J’ai toujours été fasciné par les îles désolées, ces incarnations minérales de la solitude. En longeant l’archipel des Lofoten, dans le nord de la Norvège, je me suis souvent demandé qui pouvaient bien être les habitants de ces petites maisons rouges ou blanches, accrochées à des îlots pelés, perpétuellement battus par les vents. C’est donc assez naturellement que je me suis tourné vers Les Invisibles de Roy Jacobsen, l’un des grands écrivains norvégiens contemporains.
Ce roman, publié en 2013, retrace l’existence des Barrøy, une famille installée depuis des générations sur une île qui porte leur nom.
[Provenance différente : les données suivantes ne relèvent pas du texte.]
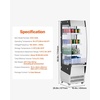 image:imageVEVOR Open Air Merchandiser 46 cu ft Shelving Commercial Refrigerator Grab and Go Fan Cooling Display Cooler with LED Lighting Night Curtain Horizontal for Restaurants Stores Office78 cuft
Nous sommes au début du XXe siècle, dans ce coin du monde coincé entre un passé immémorial et un progrès qui ne semble pas fait pour lui. Ce sont des êtres taiseux, attachés à leur terre, voués à la survie sur un lopin ingrat, pris entre la froideur de la mer et la fureur du ciel.
J’avoue avoir peiné au début de la lecture, au point d’avoir songé à abandonner. Le rythme lent, l’attention scrupuleuse portée aux moindres détails d’un quotidien harassant : cela ressemblait à un inventaire sans fin de tâches pénibles. J’étais en vacances : pourquoi m’imposer une lecture aussi morne, presque aussi éreintante que de labourer un champ ? Et pourtant, peu à peu, je me suis mis au diapason de l’île et des saisons. J’ai fini par m’attacher à ces vies discrètes, à l’attachement farouche qu’elles nourrissent pour leur terre, et plus encore à la tendresse silencieuse qui circule entre elles. C’est là que réside la vraie surprise du roman : ces sentiments jamais proclamés, mais exprimés par les gestes.
Une scène, en particulier, m’a marqué : au cœur d’une tempête d’hiver, un père sort sa fille de quatre ans de leur cabane, l’arrime à une corde, et lui fait contempler la mer déchaînée. Ainsi, elle comprendra que même le plus violent des ouragans ne pourra détacher leur île, solidement arrimée à la planète. Elle n’aura plus jamais peur de la mer.
Une très belle découverte, au final : une île où ne poussent que des patates et un amour opiniâtre, silencieux, mais indestructible, comme ses habitants.